Published on 2025-08-07T06:18:08Z

YandexNews bot

The YandexNews bot is a specialized web crawler from the Russian search engine Yandex. Its purpose is to discover and index news content for Yandex's news aggregation services. For publishers, being indexed by this bot can drive significant traffic and increase visibility among Yandex users, particularly in the Russian-speaking market.

What is the YandexNews bot?

The YandexNews bot is a dedicated crawler from Yandex designed to discover, collect, and process news content from websites for Yandex's news aggregation services. The bot identifies itself in server logs with the user-agent string Mozilla/5.0 (compatible; YandexNews/4.0; +http://yandex.com/bots). It systematically visits websites to identify fresh news content, headlines, and publication dates to help Yandex categorize and present news to its users.

Why is the YandexNews bot crawling my site?

The YandexNews bot is crawling your site to discover and index its news content for Yandex's news services.
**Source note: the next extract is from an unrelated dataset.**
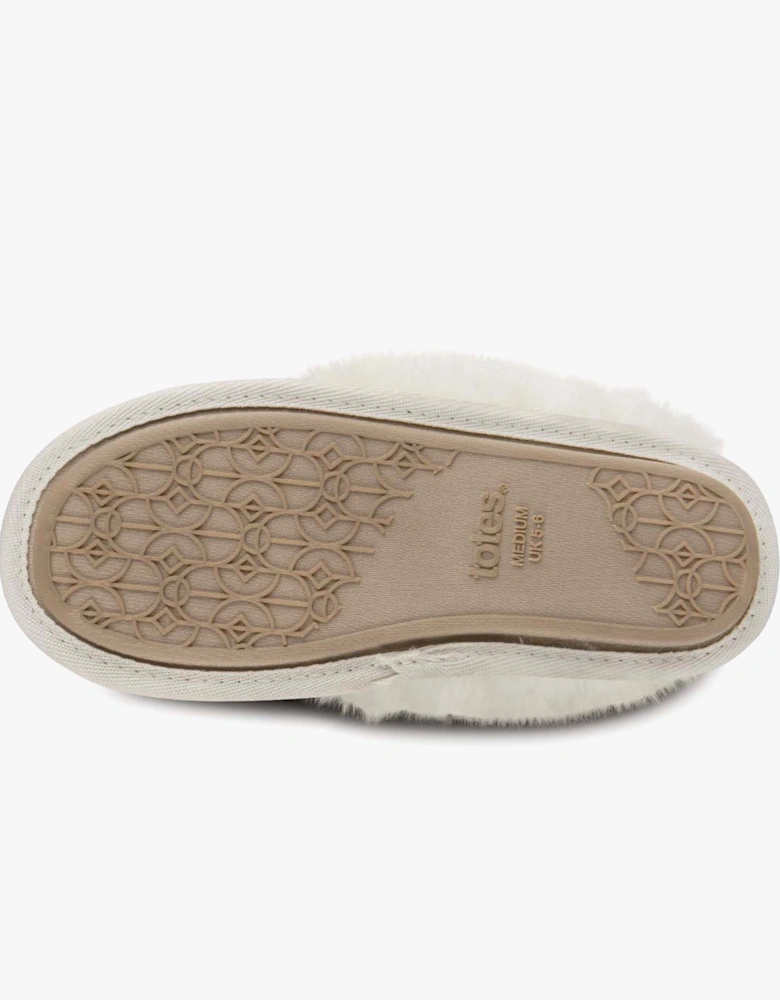 TEXTURED SPARKLE FAUX FUR MULE Slippers Womens Cream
If the bot is visiting your site, it is because your content appears to be news-related. The frequency of visits depends on how often you publish new content. Sites that publish breaking news may be crawled more frequently. This is an authorized and standard activity for a search engine with a news aggregation service.

What is the purpose of the YandexNews bot?
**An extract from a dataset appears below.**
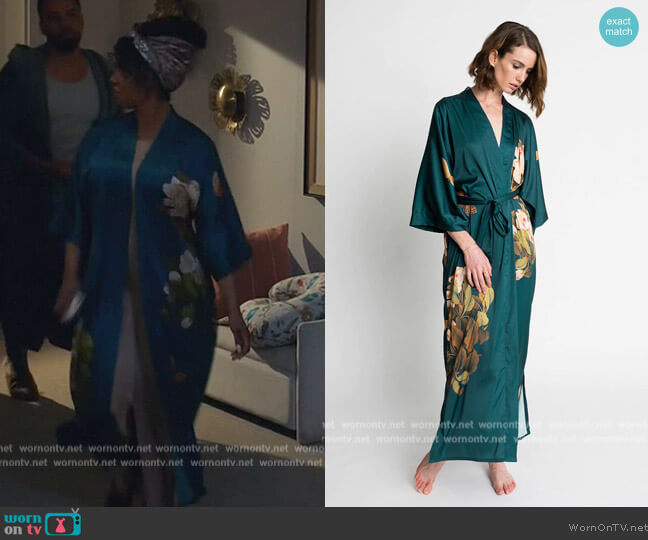 Kim + Ono Peony and Butterfly Kimono Robe worn by Lola Carmichael (Simone Missick) on All Rise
The purpose of the YandexNews bot is to power Yandex's news aggregation services by collecting and indexing news content from across the web. This allows Yandex to provide its users with current news stories organized by topic. For publishers, having your content included in these services can drive significant traffic to your site and increase your visibility among Yandex users. The service creates a centralized news experience while still directing users to the original source for the full article.

How do I block the YandexNews bot?

To prevent the YandexNews bot from including your content in its news services, you can add a specific disallow rule to your robots.txt file. This is the standard method for managing crawler access.

To block this bot, add the following lines to your robots.txt file:

User-agent: YandexNews
Disallow: /

How to verify the authenticity of the user-agent operated by Yandex?

Reverse IP lookup technique

To verify user-agent authenticity, you can use host linux command two times with the IP address of the requester.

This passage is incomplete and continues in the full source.